» **Assigned task**: Find the number of lines below in which the word "other" appears, and write that number only.
(Beginning of Dataset content)
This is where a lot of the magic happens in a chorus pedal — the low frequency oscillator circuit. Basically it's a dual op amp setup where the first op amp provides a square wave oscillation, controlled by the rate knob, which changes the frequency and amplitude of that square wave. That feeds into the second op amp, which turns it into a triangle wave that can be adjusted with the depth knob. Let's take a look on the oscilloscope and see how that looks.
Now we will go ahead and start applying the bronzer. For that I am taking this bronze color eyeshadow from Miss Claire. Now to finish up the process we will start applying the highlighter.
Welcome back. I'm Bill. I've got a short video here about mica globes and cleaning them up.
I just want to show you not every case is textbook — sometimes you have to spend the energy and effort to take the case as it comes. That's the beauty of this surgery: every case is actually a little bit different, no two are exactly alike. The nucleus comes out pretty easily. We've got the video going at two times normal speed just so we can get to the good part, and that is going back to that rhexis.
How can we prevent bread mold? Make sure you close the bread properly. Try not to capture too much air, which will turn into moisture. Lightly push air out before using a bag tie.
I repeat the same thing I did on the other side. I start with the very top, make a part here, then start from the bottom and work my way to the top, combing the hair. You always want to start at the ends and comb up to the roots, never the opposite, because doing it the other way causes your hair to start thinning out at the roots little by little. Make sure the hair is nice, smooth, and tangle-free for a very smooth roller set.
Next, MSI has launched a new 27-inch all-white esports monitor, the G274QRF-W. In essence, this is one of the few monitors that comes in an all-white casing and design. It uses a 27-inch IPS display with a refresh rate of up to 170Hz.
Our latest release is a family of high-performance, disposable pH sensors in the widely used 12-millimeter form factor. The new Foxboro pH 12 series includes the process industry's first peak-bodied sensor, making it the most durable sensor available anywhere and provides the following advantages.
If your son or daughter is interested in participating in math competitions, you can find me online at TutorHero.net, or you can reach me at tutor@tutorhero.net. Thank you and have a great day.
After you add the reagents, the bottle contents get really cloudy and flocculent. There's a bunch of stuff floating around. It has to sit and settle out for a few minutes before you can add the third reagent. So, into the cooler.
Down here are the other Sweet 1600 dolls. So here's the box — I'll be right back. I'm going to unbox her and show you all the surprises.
(End of Dataset content)
» **Answer**: 2